Studio album by Skeleton Crew
- Released: 1986
- Recorded: December 1985 to January 1986
- Studio: Kirchberg, Switzerland
- Genre: Avant-rock; experimental;
- Length: 39:25
- Label: Rift (US)
- Producer: Tim Hodgkinson

Skeleton Crew chronology
| Learn to Talk (1984) | The Country of Blinds (1986) | Learn to Talk / Country of Blinds (1990) |

= The Country of Blinds =

The Country of Blinds is a studio album by American experimental rock and jazz band Skeleton Crew, recorded at Sunrise Studio, Kirchberg, Switzerland, December 1985 and January 1986. It was their second and final album and was released in 1986.
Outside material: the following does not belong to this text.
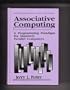 Associative Computing: A Programming Paradigm for Massively Parallel Computers (Frontiers in Computer Science)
Skeleton Crew had become the trio of Fred Frith, Tom Cora and Zeena Parkins when this album was made. The music here is richer, more rhythmic and fuller-sounding and the songs more developed than on their first album; this ultimately led to the band's break-up. Frith explained that "we actually started to sound like a normal rock and roll band so it seemed kind of pointless to go on at that point."

Professional ratings
Review scores
| Source | Rating |
| AllMusic | Star |

==Track listing==

Side A
| No. | Title | Writer(s) | Length |
|---|---|---|---|
| 1. | "The Country of Blinds" | Skeleton Crew, Cora | 4:10 |
| 2. | "Money Crack" | Skeleton Crew | 0:58 |
| 3. | "The Border" | Skeleton Crew, Anne Hemenway | 3:28 |
| 4. | "The Hand that Bites" | Skeleton Crew, Frith | 5:32 |
| 5. | "Dead Sheep" | Skeleton Crew, Cora, Frith | 3:22 |
| 6. | "Bingo" | Skeleton Crew, Frith | 3:34 |

Side B
| No. | Title | Writer(s) | Length |
|---|---|---|---|
| 7. | "Man or Monkey" | Skeleton Crew, Cutler | 2:37 |
| 8. | "Foot in Hole" | Skeleton Crew | 3:08 |
| 9. | "Hot Field" | Skeleton Crew | 2:36 |
| 10. | "The Birds of Japan" | Skeleton Crew, Frith | 4:00 |
| 11. | "You May Find a Bed" | Skeleton Crew, Frith, Sharp | 6:10 |

===Track notes===
- "Money Crack", "Hot Field" and the last section of "You May Find a Bed" were recorded live in Reykjavík, Iceland, November 4, 1985.

==Personnel==
- Tom Cora – cello, bass, accordion, drums, contraptions, singing
- Fred Frith – guitar, 6-string bass, violin, home-mades, drums, singing
- Zeena Parkins – organ, electric harp, accordion, drums, singing

===Sound and art work===
- Tim Hodgkinson – engineer, producer
- Katrina Brändli – assistant engineer
- Fred Frith – cover art work

==CD reissues==
In 1990 RecRec Music re-issued The Country of Blinds together with Skeleton Crew's previous album Learn to Talk on a single compilation CD, Learn to Talk / Country of Blinds, omitting "Money Crack" from The Country of Blinds, and "Los Colitos" and "Life At The Top" from Learn to Talk.

In 2005 Fred Records re-issued Learn to Talk / Country of Blinds on a double compilation CD, omitting only "Money Crack" from The Country of Blinds, and adding ten extra tracks.